When appraising multiple projects, their NPVs can be directly added together to obtain the Multiple Project NPV. The Multiple Project IRR, on the other hand, requires that total cashflows of multiple projects to be re-computed for each period. 


The IRR, being the solution to a kth order polynomial in r, may have take on multiple values. This makes IRR appraisal ambiguous as there is no instruction to select a specific IRR value for comparison against the hurdle rate. This situation is more pronounced if cashflows are unconventional- the number of IRRs generated depends on changes in the direction of cashflow.  Selection by NPV is more clear-cut because it accomodates both conventional and unconventional cashflows- ambiguity by NPV rule only arises when projects have identical NPVs. 


The cost of capital varies across time, but the IRR approach assumes that spare cashflows can always be reinvested at the same IRR- an unrealistic assumption. This is a stark contrast to the NPV approach which has the flexibility to incorporate different cost of capital across time in its computation.   


Unlike NPV, the IRR of a project does not account for the size and magnitude of the projects. A project with higher IRR may be chosen over another, but its actual NPV may turn out to be lower when reference is made at the hurdle rate. 


However it is noteworthy that IRR has a distinct advantage over the NPV:  while NPV calculates  absolute values, IRR is a relative measure of value. Therefore the IRR can act as a form of efficiency measure while NPV fails to do so. However, it is possible to complement NPV with other techniques of efficiency measures such as the profitability index and annual equivalent value.  


2010 ZB 3b 
Explain why NPV is a more preferable technique for capital budgeting than other methods.


2007 ZA 5c, ZB 6a 
Describe the NPV rule, the IRR criterion and the Payback rule for investment. What are the relative advantages and disadvantages of these rules?


Write the above, but need to include two short paragraphs on the Payback Rule.
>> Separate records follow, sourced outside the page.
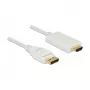 Videokábel adaptér DeLOCK 83818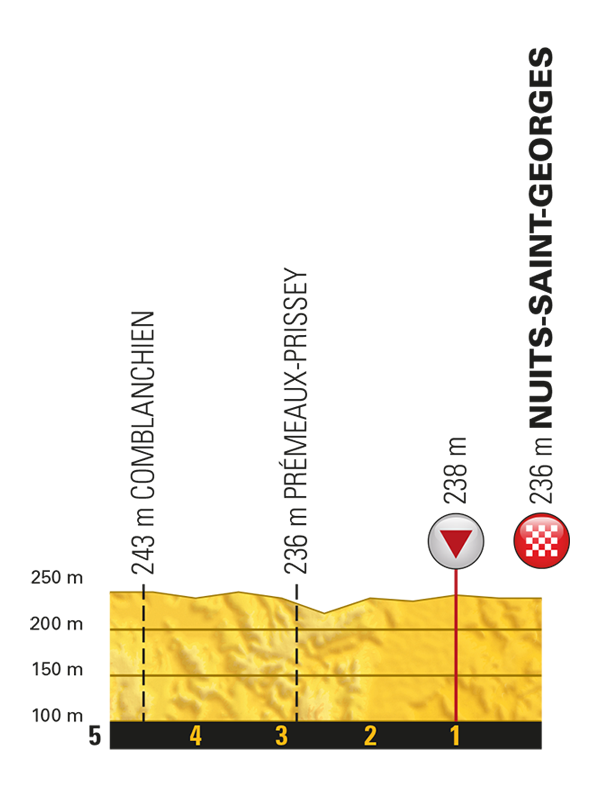 Het profiel van de slotkilometers van vandaag (Bron: Letour.fr) Het profiel van de slotkilometers van vandaag (Bron: Letour.fr)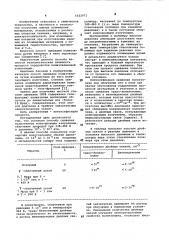 Способ сшивания полиэтилена (патент 1022972)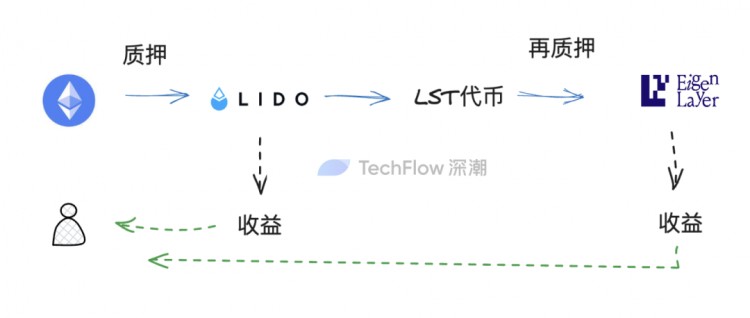 再質押代幣(LRT)敘事重燃:在無盡的流動性套娃中,尋找高潛力的項目機會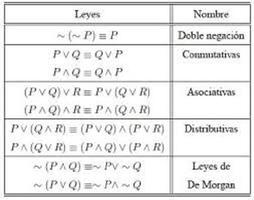 4to Logica Proposicional II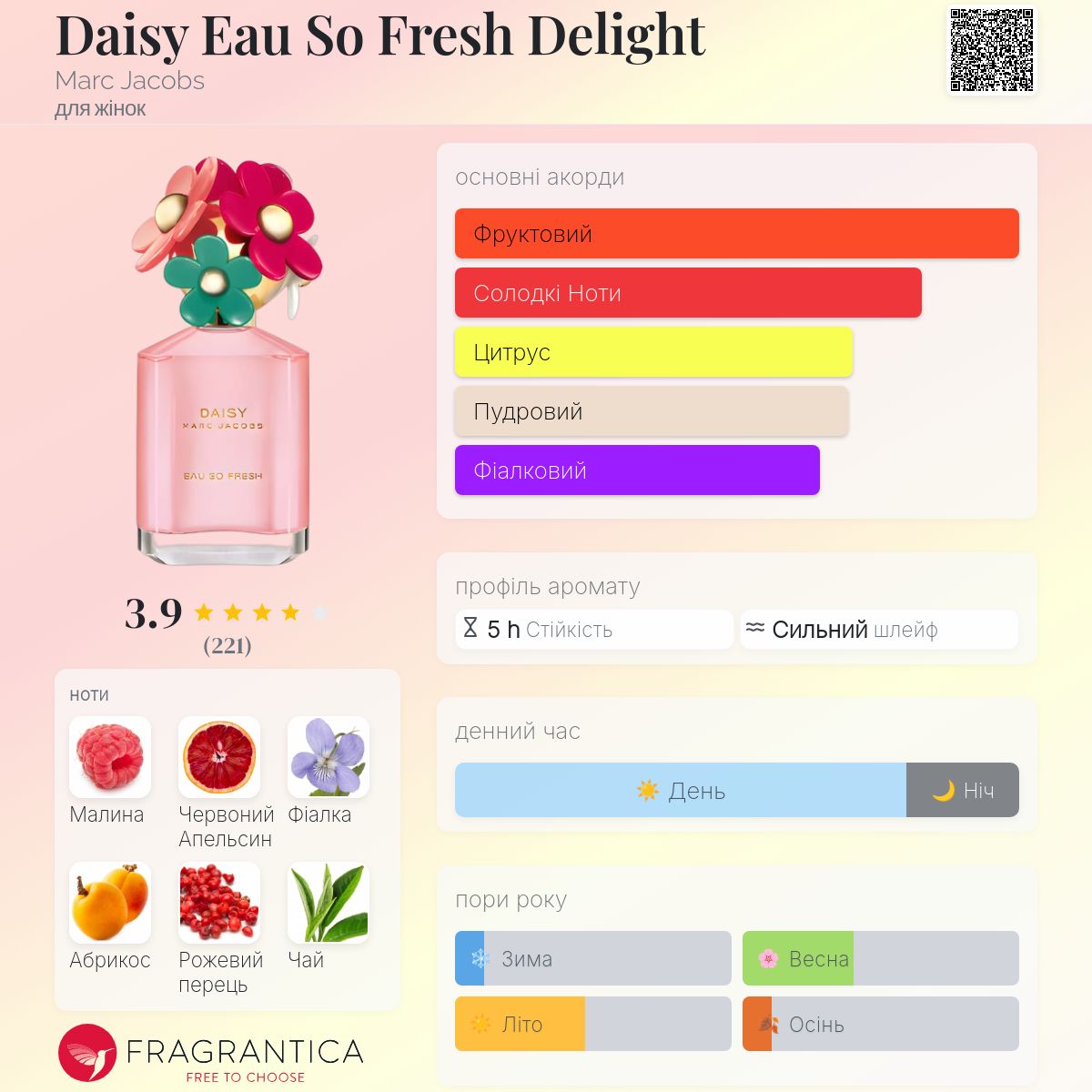 Daisy Eau So Fresh Delight Marc Jacobs аромат - аромат для жінок 2014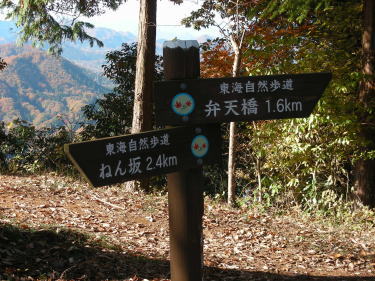 頂上の道標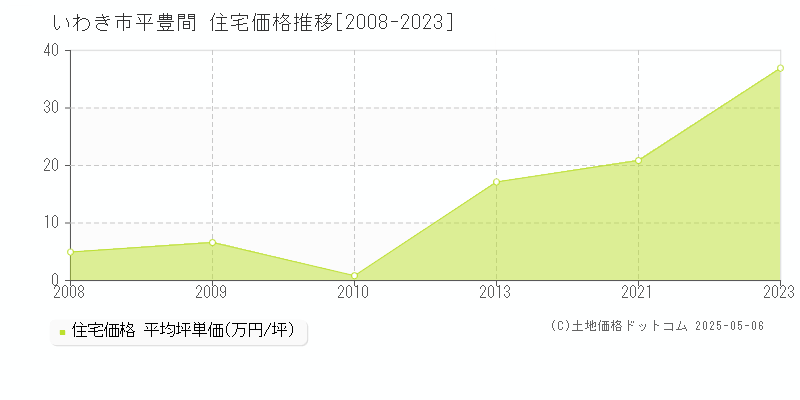 いわき市平豊間の住宅価格推移グラフ 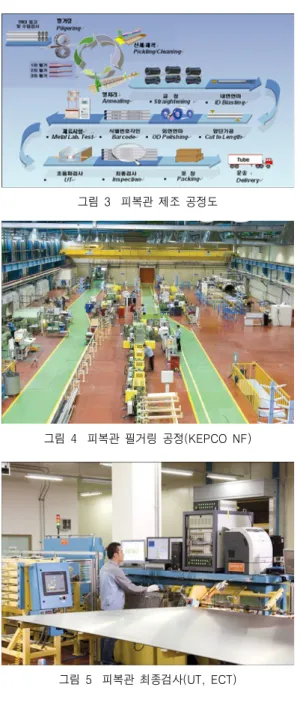 그림  3 피복관  제조  공정도 그림  4 피복관  필거링  공정(KEPCO  NF) 그림  5 피복관  최종검사(UT,  ECT) 그림  6 핵연료  제조  공정도 제조공정의  특성상  생산리드타임이  길기  때문에 공정  중  불량품을  사전에  검출해  내는  것이다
The Multiples Method is NOT a capital budgeting method. Its main purpose is to assess value (ie. value of firm) rather than project selection (capital budgeting decision). 
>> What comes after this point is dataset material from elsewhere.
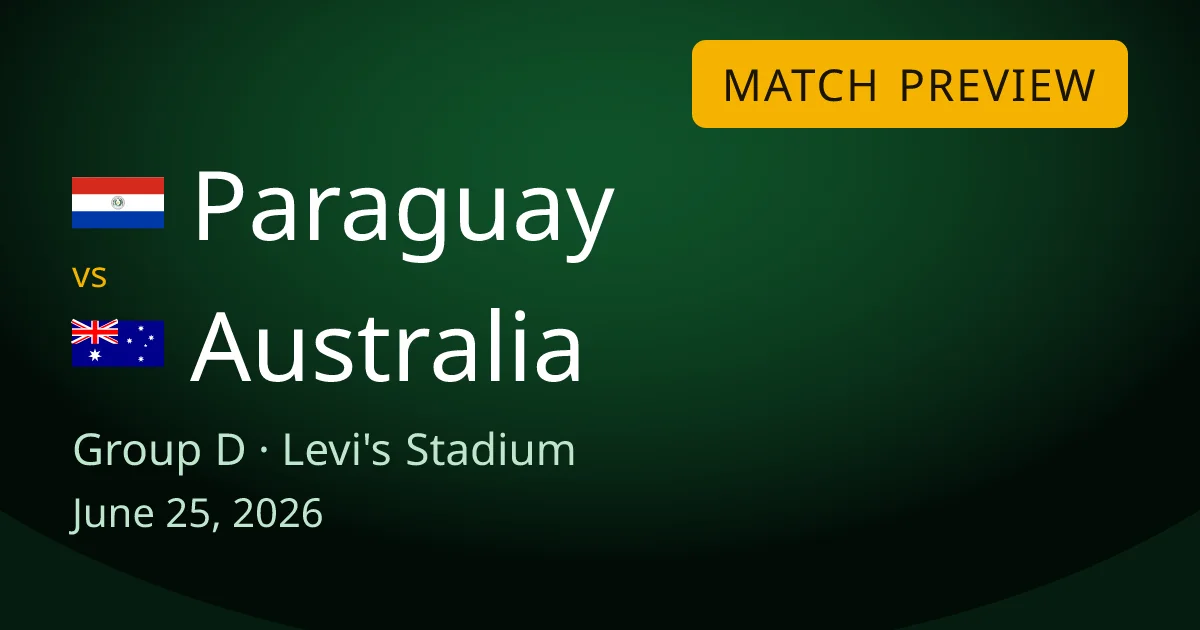 Paraguay vs Australia Group D match preview card for World Cup Drops, at Levi's Stadium in Santa Clara. The winner joins the USA in the last 16, with both teams level on 3 points.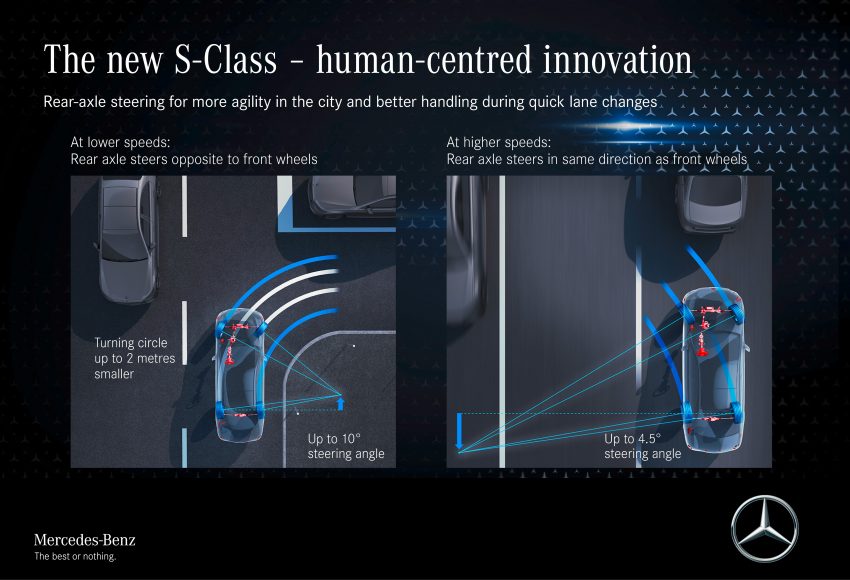 浑身都是黑科技！宾士新一代旗舰 W223 Mercedes-Benz S-Class 全球首发，明年将导入 Level 3 级别自动驾驶系统 133940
The Payback Rule is flawed because it neglects the cashflows after the payback period. Unlike the NPV, the payback rule provides an inaccurate picture of the overall returns from the project. Even if the Payback rule is fulfilled (cashflows cover capital outlays by the payback period), future gains and losses (positive and negative cashflows) after the payback period are not incorporated into the analysis. This issue is not resolved even when cashflows are discounted, and the Discounted Payback Rule is used.  
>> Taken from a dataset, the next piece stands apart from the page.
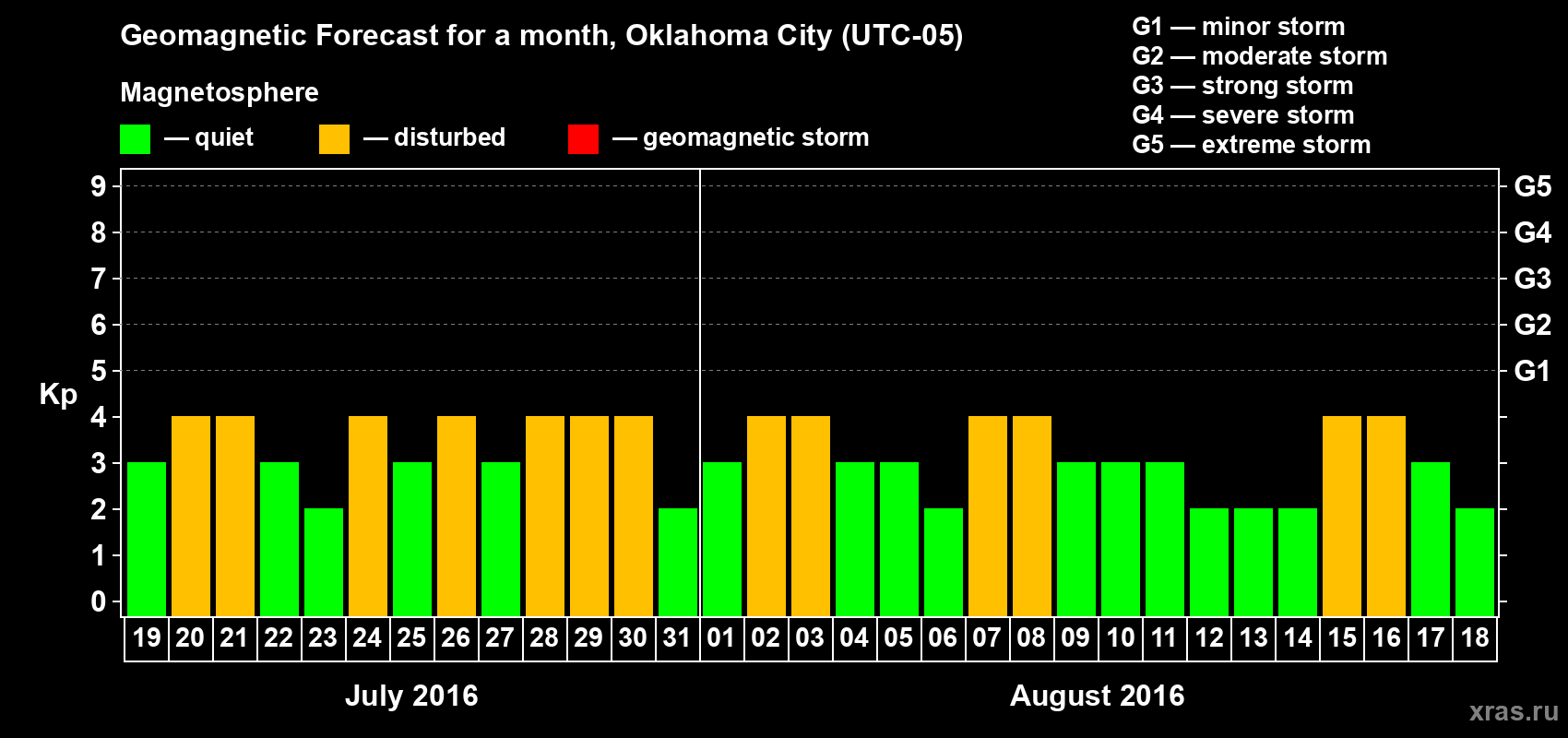 Forecast of the daily maximal value of geomagnetic index Kp for <b>1 month</b> (31 days) <b>from Jul 19, 2016 to Aug 18, 2016</b>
However Payback Rule may be used in conjunction with NPV to assist in better decision making. This is because certain projects may have positive NPVs, but the bulk of the positive cashflows only arrive after the payback period. The firm may face a short period of liquidity crunch (up to the payback period) following an investment in the positive NPV project. Therefore the Payback Rule can be used to preempt such contingencies.